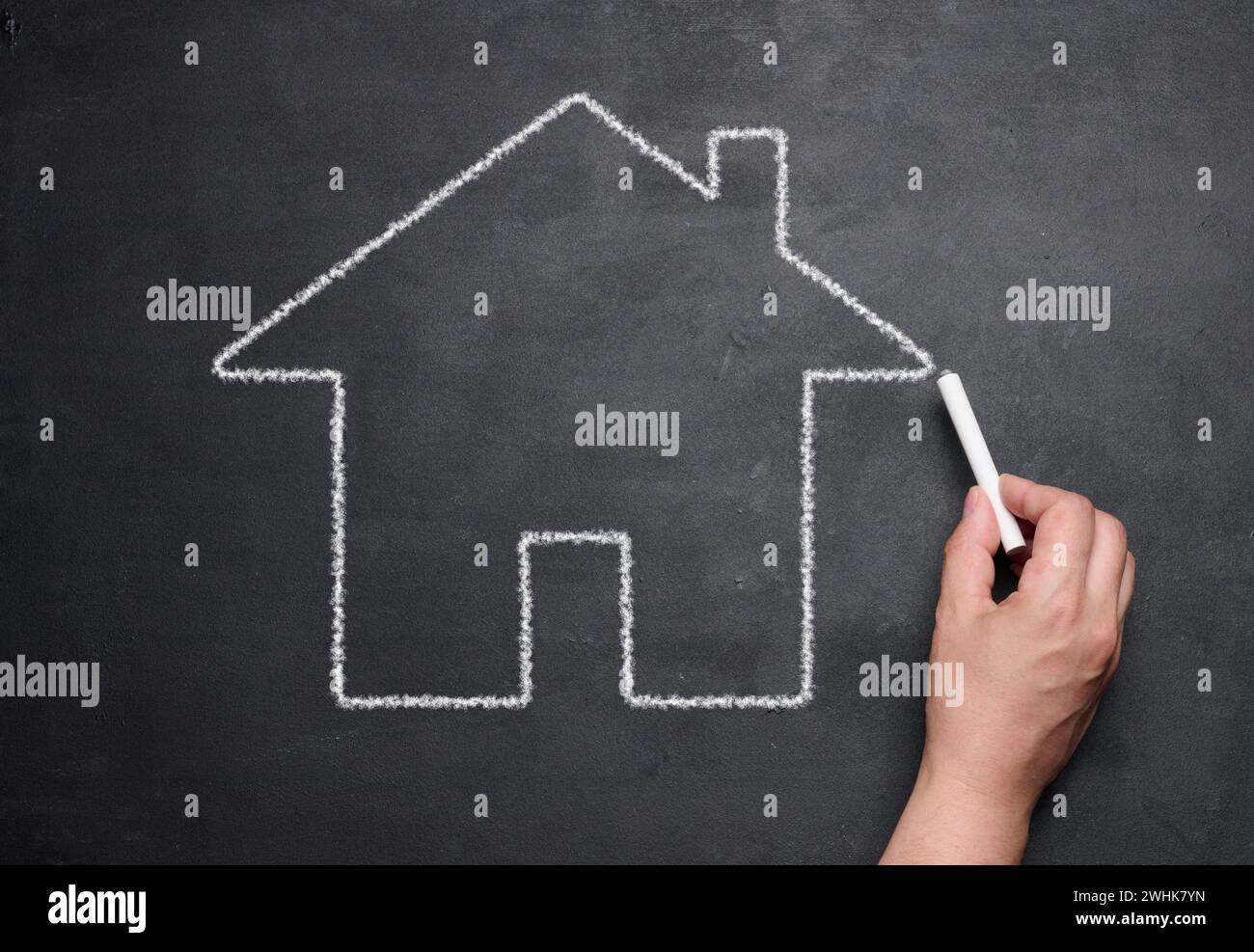 Una mano femenina dibujada con tiza en una pizarra una casa en miniatura, concepto de alquiler, hipoteca Foto de stock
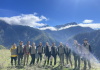 A group of individuals stand in the foreground high on top of a mountain with several mountain tops and clouds behind them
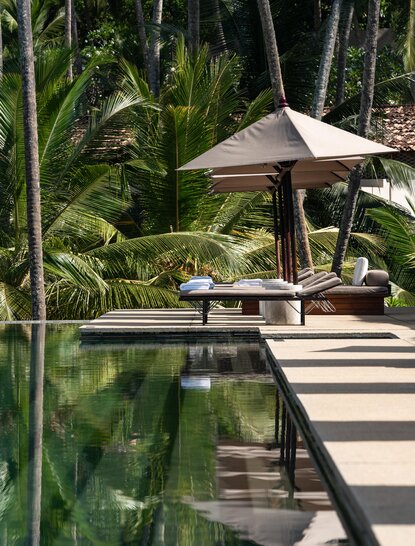 Wooden deck with conical umbrella overlooking a reflecting pool surrounded by lush tropical vegetation at Amanwella.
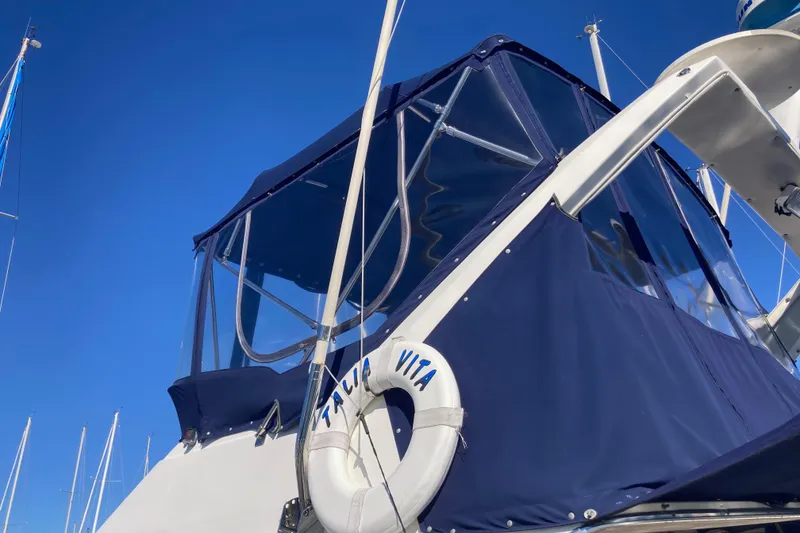 Slide: The Image of 1989 Bayliner 3288 Motoryacht deck with American flag, docked on calm water. - 12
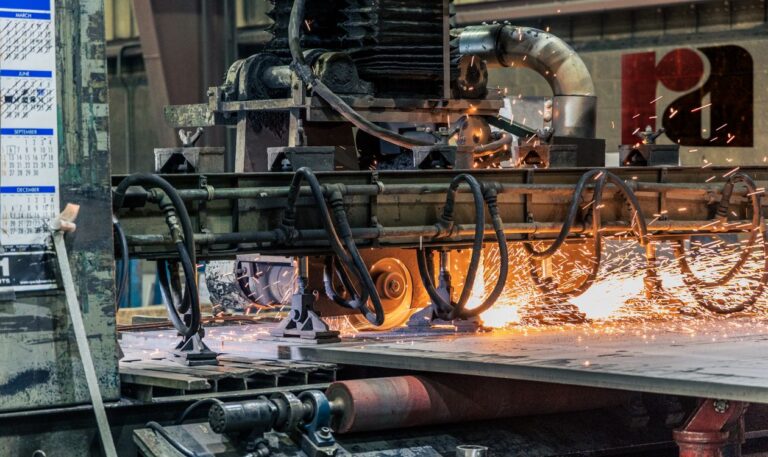 Industrial metal-cutting machinery at work in a manufacturing facility.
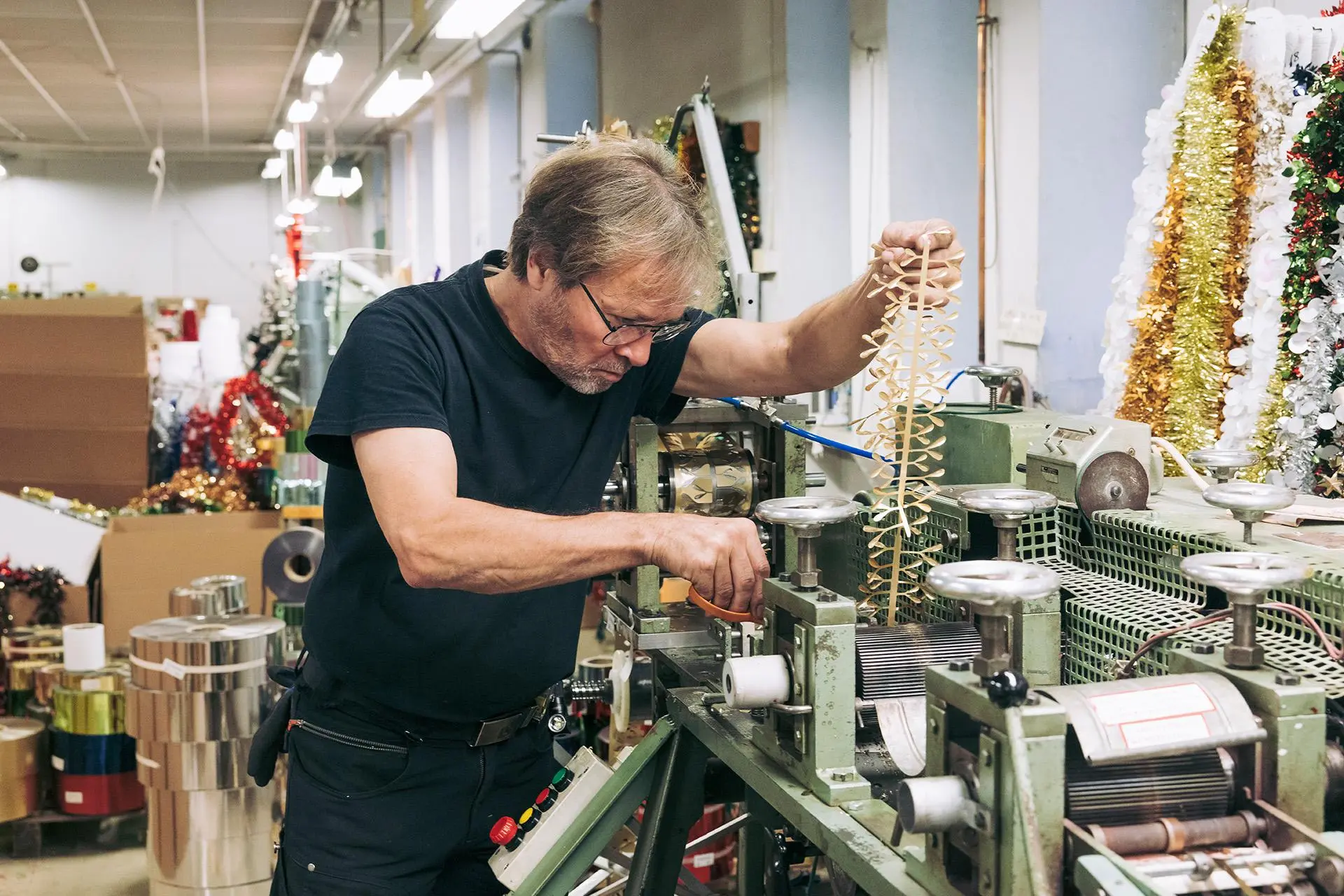 Pasi Hietanen huoltaa tehdaskonetta, joka tekee koristeköynnöstä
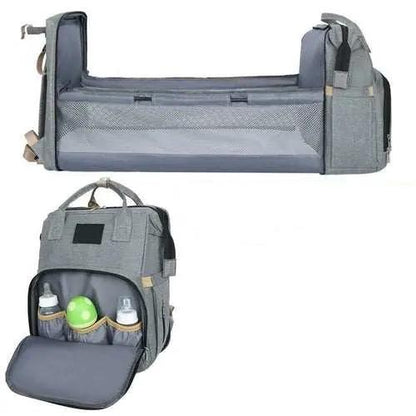 Gray nylon stroller diaper bag with baby bed mat and multiple storage compartments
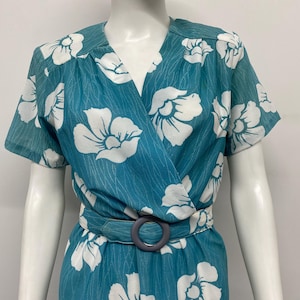 May include: A teal wrap dress with white floral patterns. The dress features short sleeves, a matching belt with a gray buckle, and a V-neckline. The fabric has a subtle textured pattern.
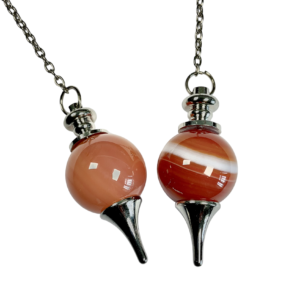 Example of two Carnelian Ball Pendulums - 20mm orange and red sphere in a silver holder - on a silver chain, on a white background
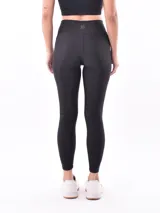 Calza deportiva negra de tiro alto, corte ajustado y largo completo.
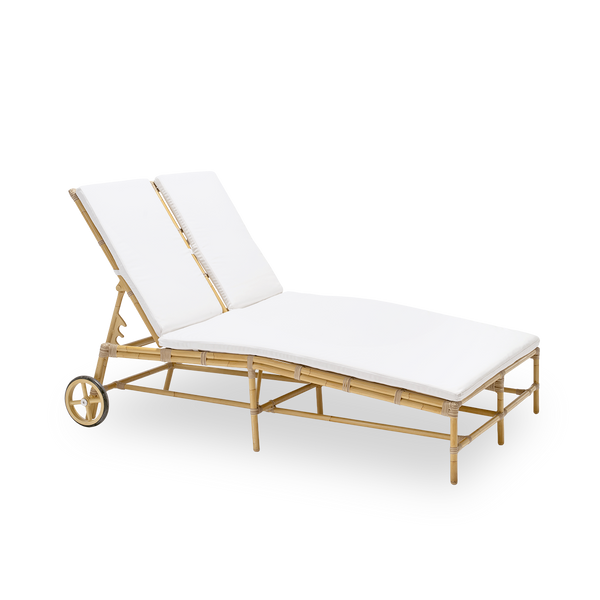 Side view of the Julietta exterior double sunbed with seat cushion, in natural aluminium and ArtFibre. Designed by Sika-Design and built in weather-resistant materials for two to share.
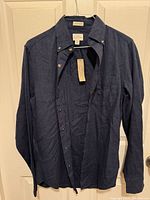 Front view of navy linen button-down shirt hanging, tag visible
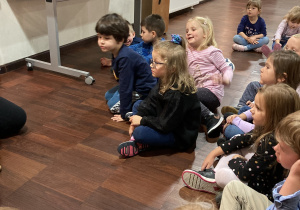Dzieci siedzą w kole na podłodze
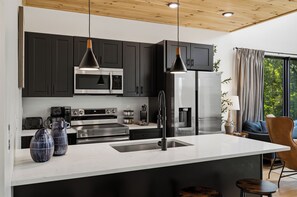 A modern kitchen with dark cabinets, stainless steel appliances, pendant lighting, and a large island with a sink. - Private pool, hot tub, luxury 4 bedrooms, walk in shower (Sevierville)
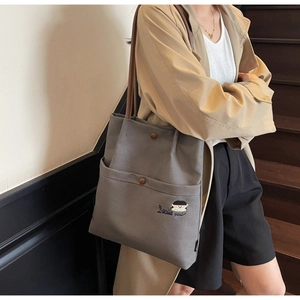 Detail of grey-blue canvas tote with brown leather strap and Docile girl embroidery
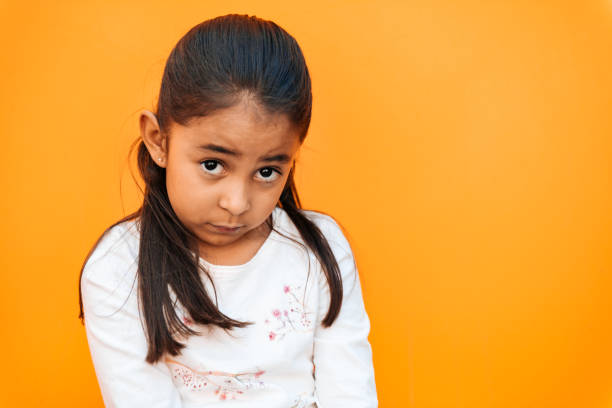Little Girl Facial Expressions Portrait of a sad little girl shy photos stock pictures, royalty-free photos & images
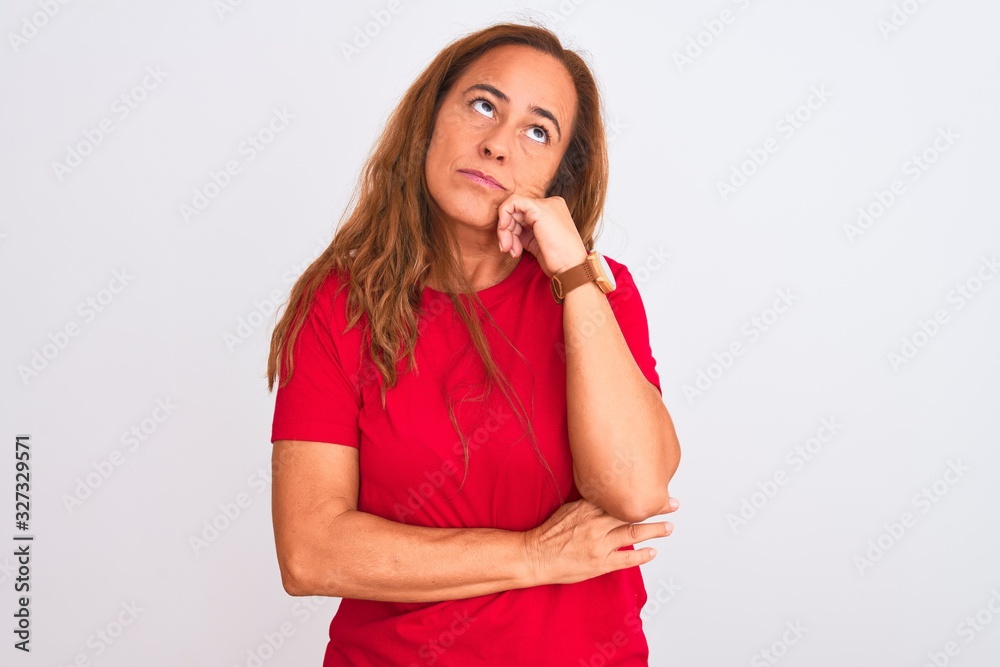 Middle age mature woman standing over white isolated background with hand on chin thinking about question, pensive expression. Smiling with thoughtful face. Doubt concept. Middle age mature woman standing over white isolated background with hand on chin thinking about question, pensive expression. Smiling with thoughtful face. Doubt concept.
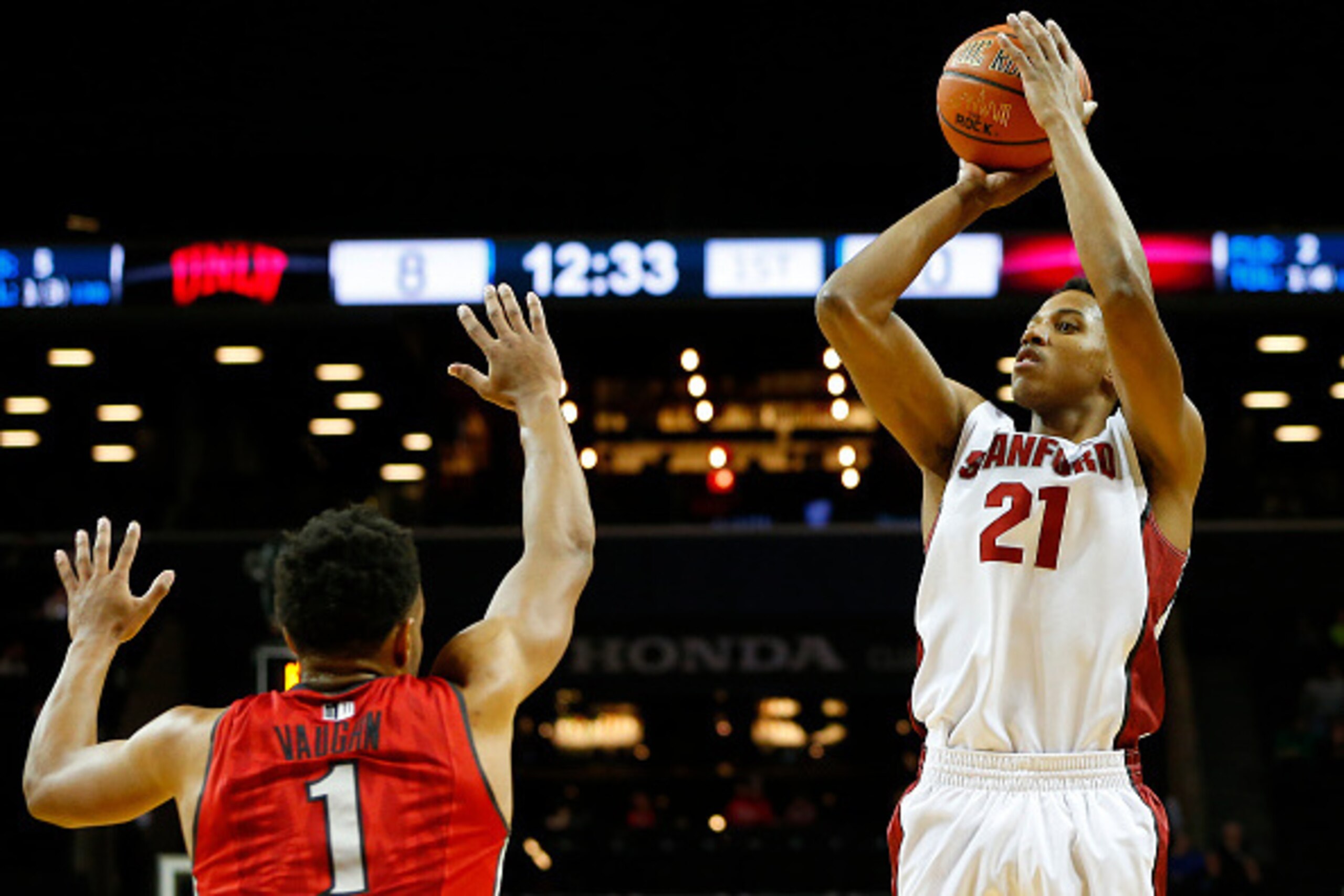 NEW YORK, NY - NOVEMBER 21: Anthony Brown #21 of the Stanford Cardinal takes a shot as Rashad Vaughn #1 the UNLV Rebels defends during the first half of a game in the Coaches vs Cancer Classic men's basketball tournament at Barclays Center on November 21,
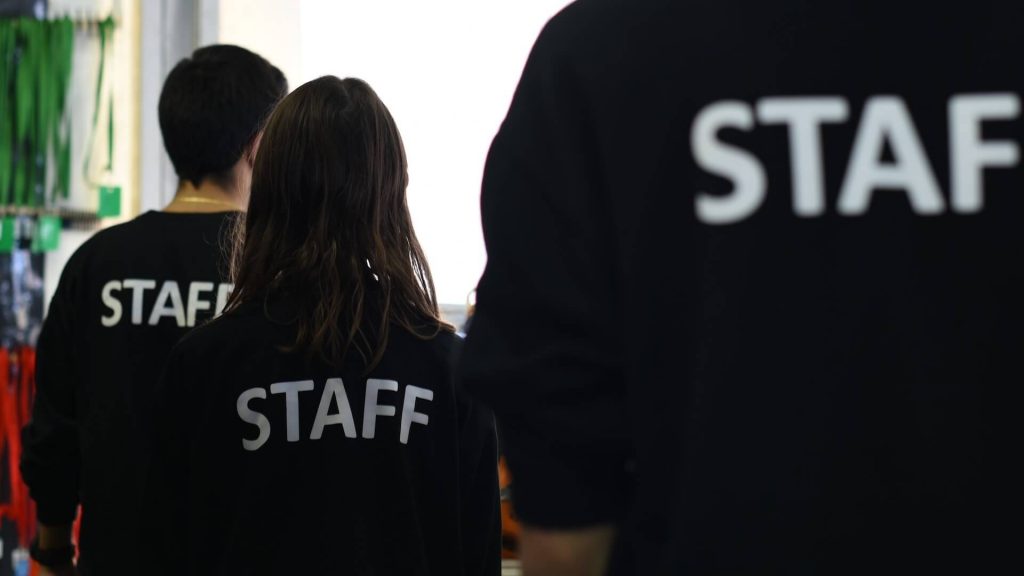 Tre persone che indossano una maglietta con la scritta STAFF sulla schiena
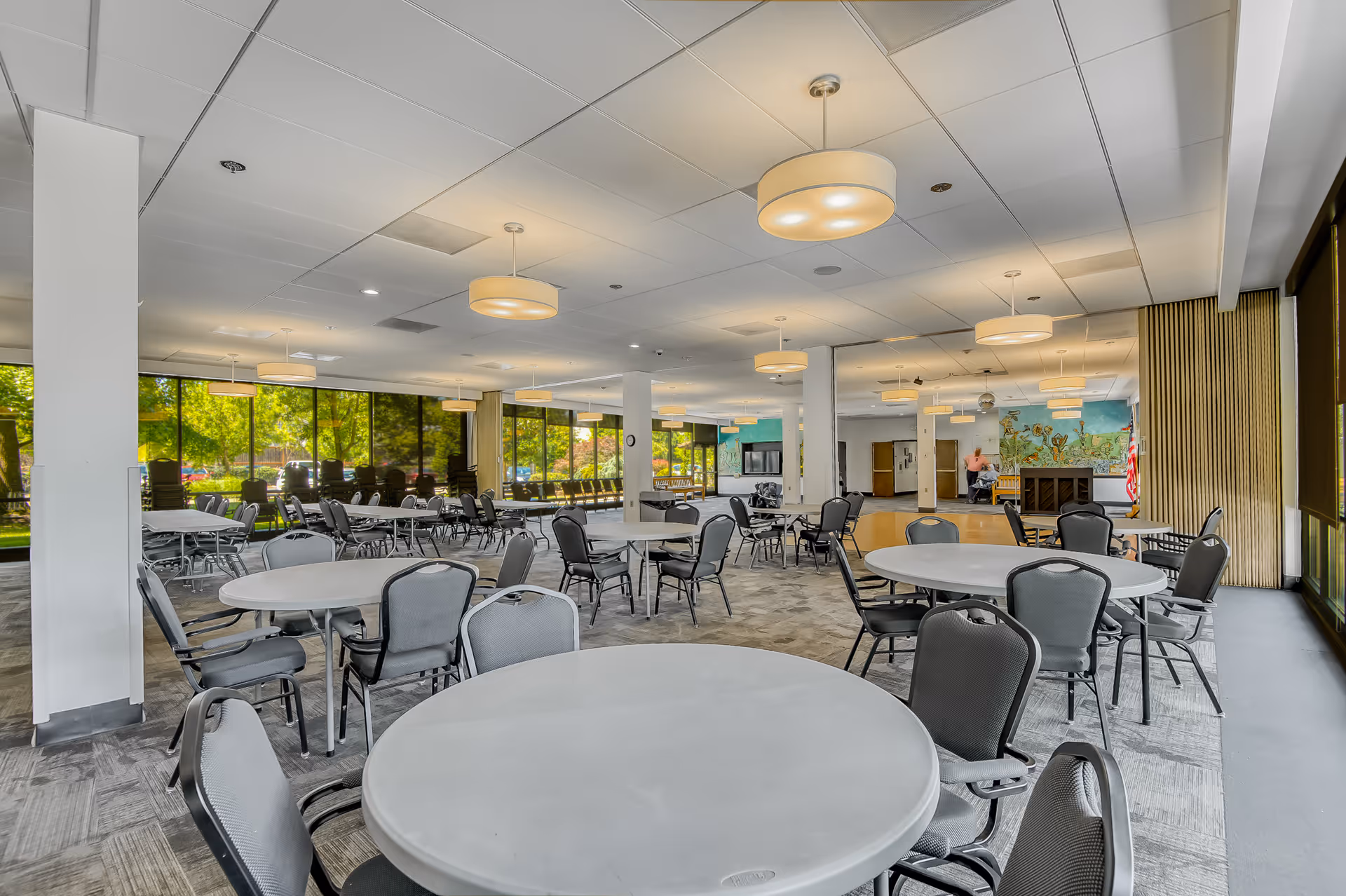A spacious dining room with multiple round tables and gray chairs arranged neatly. Large windows on one side let in natural light and offer a view of green trees outside. The ceiling has several round pendant lights, and the floor is carpeted. In the background, there is a mural on the wall and a person standing near a piano.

---*---

= YOUR TASK =
Write out exactly the lines from the one containing "Tre persone che" through the end of the entries, both included. Pictures are not copied.

= EXERCISE RESULT =
 Tre persone che indossano una maglietta con la scritta STAFF sulla schiena
A spacious dining room with multiple round tables and gray chairs arranged neatly. Large windows on one side let in natural light and offer a view of green trees outside. The ceiling has several round pendant lights, and the floor is carpeted. In the background, there is a mural on the wall and a person standing near a piano.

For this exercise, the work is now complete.